● **Required work**: Using the material below, return exactly the lines between the one holding "empty room featuring" and the one holding "a man with purple", inclusive, and no others.
_ _ _ _
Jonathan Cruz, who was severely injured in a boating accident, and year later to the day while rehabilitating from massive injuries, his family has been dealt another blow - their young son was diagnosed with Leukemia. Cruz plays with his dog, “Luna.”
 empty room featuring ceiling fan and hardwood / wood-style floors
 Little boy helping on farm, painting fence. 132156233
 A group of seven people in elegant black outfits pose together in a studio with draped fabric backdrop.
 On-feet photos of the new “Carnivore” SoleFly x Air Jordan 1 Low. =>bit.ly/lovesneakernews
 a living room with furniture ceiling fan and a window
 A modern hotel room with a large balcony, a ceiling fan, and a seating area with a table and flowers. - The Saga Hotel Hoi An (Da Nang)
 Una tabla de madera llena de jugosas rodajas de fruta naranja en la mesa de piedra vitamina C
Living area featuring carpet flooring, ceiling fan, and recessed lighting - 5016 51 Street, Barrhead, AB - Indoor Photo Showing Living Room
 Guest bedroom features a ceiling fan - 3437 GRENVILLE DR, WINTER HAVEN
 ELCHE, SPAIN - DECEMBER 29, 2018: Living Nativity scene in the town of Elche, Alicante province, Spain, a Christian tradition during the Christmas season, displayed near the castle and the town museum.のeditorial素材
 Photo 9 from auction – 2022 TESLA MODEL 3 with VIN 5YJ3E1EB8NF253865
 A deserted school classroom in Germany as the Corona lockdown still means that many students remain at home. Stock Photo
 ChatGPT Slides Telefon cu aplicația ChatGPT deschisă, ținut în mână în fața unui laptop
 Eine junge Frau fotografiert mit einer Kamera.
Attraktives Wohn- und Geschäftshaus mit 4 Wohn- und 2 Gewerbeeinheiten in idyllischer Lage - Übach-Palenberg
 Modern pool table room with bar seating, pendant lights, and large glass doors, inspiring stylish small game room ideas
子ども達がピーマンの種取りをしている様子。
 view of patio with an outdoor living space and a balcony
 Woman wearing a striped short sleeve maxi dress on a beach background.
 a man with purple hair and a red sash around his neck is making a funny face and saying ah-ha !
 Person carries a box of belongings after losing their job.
_ _ _ _
● **Answer for this exercise**:
 empty room featuring ceiling fan and hardwood / wood-style floors
 Little boy helping on farm, painting fence. 132156233
 A group of seven people in elegant black outfits pose together in a studio with draped fabric backdrop.
 On-feet photos of the new “Carnivore” SoleFly x Air Jordan 1 Low. =>bit.ly/lovesneakernews
 a living room with furniture ceiling fan and a window
 A modern hotel room with a large balcony, a ceiling fan, and a seating area with a table and flowers. - The Saga Hotel Hoi An (Da Nang)
 Una tabla de madera llena de jugosas rodajas de fruta naranja en la mesa de piedra vitamina C
Living area featuring carpet flooring, ceiling fan, and recessed lighting - 5016 51 Street, Barrhead, AB - Indoor Photo Showing Living Room
 Guest bedroom features a ceiling fan - 3437 GRENVILLE DR, WINTER HAVEN
 ELCHE, SPAIN - DECEMBER 29, 2018: Living Nativity scene in the town of Elche, Alicante province, Spain, a Christian tradition during the Christmas season, displayed near the castle and the town museum.のeditorial素材
 Photo 9 from auction – 2022 TESLA MODEL 3 with VIN 5YJ3E1EB8NF253865
 A deserted school classroom in Germany as the Corona lockdown still means that many students remain at home. Stock Photo
 ChatGPT Slides Telefon cu aplicația ChatGPT deschisă, ținut în mână în fața unui laptop
 Eine junge Frau fotografiert mit einer Kamera.
Attraktives Wohn- und Geschäftshaus mit 4 Wohn- und 2 Gewerbeeinheiten in idyllischer Lage - Übach-Palenberg
 Modern pool table room with bar seating, pendant lights, and large glass doors, inspiring stylish small game room ideas
子ども達がピーマンの種取りをしている様子。
 view of patio with an outdoor living space and a balcony
 Woman wearing a striped short sleeve maxi dress on a beach background.
 a man with purple hair and a red sash around his neck is making a funny face and saying ah-ha !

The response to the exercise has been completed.